R11Statistical analysisMethodological CoherenceLayer 2 (Contextual)

Missing Data

Evaluates whether the paper adequately reports and handles missing data, as ignoring missing data can lead to biased results and is a sign of poor methodological rigor.

Technical description

R11 grades the quality of the missing-data handling described in the text. It searches for named methods (multiple imputation or MICE, last observation carried forward, complete-case or listwise or pairwise deletion, generic imputation), for a sensitivity analysis, for the missingness-mechanism assumptions (missing completely at random, at random, not at random), and for a stated missing-data percentage. The assumption acronyms are matched case-sensitively so the month abbreviation Mar or the word mar is not mistaken for the MAR assumption. The score grades the approach from best to worst: multiple imputation with a sensitivity analysis, multiple imputation alone, complete-case with a small percentage, complete-case with unknown or high percentage and LOCF without a sensitivity analysis, and no method at all. Independently of the grade, it counts the TARMOS reporting elements present (amount, method, mechanism, sensitivity).

How it works

Layer 2 (contextual): the text is matched against method, sensitivity-analysis, assumption, and missing-percentage patterns. Multiple imputation with a sensitivity analysis scores 0.0, multiple imputation alone 1.0. Complete-case analysis scores 1.5 with a stated missing percentage below five and 2.5 otherwise (with a finding). LOCF scores 2.0 with a sensitivity analysis and 3.0 without (with a finding). A generic imputation or missingness-assumption mention with no stronger method scores 2.0. No method at all scores 3.5 with a finding. Capped at 5.0. Metadata records the primary method found, whether a sensitivity analysis was present, the largest stated missing percentage and how many were reported, and whether a missingness mechanism was stated. It also counts the TARMOS reporting elements (amount, method, mechanism, sensitivity); a named but incompletely reported method that is not best practice gets an informational finding listing the missing elements, and the metadata records the completeness count and per-element status.

Why this matters

Almost all studies have missing data and how it is handled can change the conclusions, so the method and its reporting are part of validity. Multiple imputation is preferred to ad hoc methods when reported credibly; the missingness mechanism (completely at random, at random, not at random) determines which method is valid; and last observation carried forward rests on the implausible assumption that a value stays fixed after dropout and can bias results, so it warrants a sensitivity analysis.
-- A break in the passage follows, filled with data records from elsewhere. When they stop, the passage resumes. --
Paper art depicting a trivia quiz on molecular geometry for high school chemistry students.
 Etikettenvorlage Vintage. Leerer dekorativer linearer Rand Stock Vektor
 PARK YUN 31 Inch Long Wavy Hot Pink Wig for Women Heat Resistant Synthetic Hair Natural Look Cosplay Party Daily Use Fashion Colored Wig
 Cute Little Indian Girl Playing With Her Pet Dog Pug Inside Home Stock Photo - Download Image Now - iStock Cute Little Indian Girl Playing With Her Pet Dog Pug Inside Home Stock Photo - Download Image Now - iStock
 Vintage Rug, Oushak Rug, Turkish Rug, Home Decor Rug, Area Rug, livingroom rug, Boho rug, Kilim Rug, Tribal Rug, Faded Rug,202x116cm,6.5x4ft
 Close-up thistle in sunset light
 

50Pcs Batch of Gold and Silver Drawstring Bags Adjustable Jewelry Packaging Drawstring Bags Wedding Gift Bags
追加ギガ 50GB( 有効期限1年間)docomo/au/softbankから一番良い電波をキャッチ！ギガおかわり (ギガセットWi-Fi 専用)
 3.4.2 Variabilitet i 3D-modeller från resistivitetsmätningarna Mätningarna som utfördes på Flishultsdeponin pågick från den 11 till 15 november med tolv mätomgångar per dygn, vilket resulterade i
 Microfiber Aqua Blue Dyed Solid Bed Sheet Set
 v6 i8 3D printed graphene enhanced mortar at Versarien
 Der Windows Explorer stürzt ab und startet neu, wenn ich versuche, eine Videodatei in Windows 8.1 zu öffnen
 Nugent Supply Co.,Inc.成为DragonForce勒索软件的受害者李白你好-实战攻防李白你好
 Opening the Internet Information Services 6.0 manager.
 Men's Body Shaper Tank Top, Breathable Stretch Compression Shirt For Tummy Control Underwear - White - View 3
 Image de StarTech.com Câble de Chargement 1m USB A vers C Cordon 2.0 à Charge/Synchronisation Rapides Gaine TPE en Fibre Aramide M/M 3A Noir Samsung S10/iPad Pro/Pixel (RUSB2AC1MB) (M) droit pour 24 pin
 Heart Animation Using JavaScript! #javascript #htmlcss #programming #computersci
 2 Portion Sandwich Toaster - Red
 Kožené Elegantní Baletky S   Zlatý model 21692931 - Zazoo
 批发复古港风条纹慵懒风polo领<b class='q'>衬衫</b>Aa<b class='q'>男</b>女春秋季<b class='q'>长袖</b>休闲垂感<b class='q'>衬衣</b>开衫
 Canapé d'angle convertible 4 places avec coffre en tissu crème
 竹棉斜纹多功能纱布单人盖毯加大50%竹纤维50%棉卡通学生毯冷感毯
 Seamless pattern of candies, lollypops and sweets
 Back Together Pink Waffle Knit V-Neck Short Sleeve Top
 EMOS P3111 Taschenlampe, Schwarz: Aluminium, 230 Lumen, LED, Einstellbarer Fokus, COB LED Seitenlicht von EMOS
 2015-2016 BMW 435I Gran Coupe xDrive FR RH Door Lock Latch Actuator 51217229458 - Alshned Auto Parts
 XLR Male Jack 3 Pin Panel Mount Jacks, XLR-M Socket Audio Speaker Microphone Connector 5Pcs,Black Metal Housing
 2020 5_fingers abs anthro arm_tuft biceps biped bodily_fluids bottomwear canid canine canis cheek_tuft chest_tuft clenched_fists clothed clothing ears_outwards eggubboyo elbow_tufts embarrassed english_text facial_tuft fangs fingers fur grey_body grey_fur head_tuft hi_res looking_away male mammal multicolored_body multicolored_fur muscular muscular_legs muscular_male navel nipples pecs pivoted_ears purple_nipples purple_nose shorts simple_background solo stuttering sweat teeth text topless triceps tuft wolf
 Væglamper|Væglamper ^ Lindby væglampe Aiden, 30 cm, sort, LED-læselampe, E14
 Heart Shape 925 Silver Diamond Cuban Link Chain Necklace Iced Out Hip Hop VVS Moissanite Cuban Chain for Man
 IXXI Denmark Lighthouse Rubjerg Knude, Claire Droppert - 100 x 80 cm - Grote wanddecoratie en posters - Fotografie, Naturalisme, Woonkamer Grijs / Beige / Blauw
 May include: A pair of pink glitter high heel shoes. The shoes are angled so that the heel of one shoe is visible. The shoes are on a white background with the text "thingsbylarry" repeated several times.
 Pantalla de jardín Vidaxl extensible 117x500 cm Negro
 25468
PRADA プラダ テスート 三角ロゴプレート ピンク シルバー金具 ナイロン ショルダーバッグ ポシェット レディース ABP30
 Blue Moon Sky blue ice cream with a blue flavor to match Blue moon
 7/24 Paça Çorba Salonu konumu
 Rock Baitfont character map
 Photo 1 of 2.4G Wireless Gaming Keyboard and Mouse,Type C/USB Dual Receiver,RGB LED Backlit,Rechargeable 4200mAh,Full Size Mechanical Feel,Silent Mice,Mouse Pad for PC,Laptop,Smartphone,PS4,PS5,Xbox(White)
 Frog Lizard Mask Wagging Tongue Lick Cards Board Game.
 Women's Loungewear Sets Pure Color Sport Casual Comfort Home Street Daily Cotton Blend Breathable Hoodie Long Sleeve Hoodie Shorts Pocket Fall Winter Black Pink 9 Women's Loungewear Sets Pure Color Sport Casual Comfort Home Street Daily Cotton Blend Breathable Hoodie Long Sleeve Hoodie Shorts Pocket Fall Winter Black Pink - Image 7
A study describing no handling at all leaves the reader unable to judge whether missing data distorted the result.

Score thresholds

0-1.5: A principled method: multiple imputation, or complete-case analysis with little missing data
2-3: A weaker approach: complete-case with high or unstated missingness, or last-observation-carried-forward
3.5-5: No missing-data handling method is described

Limitations

Detection is keyword-based, so a method described unconventionally is missed (scored as no handling) and a method named in passing or in the background is credited. The missing percentage taken for scoring is the largest stated, since the worst-affected variable governs complete-case adequacy, but a complete-case analysis with genuinely low yet unstated missingness is still scored as if high. The grading reflects general preferences rather than a given study's specifics, where a simpler method can be appropriate, so a score is guidance. The indicator reads the text and does not confirm the described method was applied or applied correctly. The structure of missingness within the individual-patient data is indicator D29; R11 focuses on the description and adequacy of the missing-data handling in the report.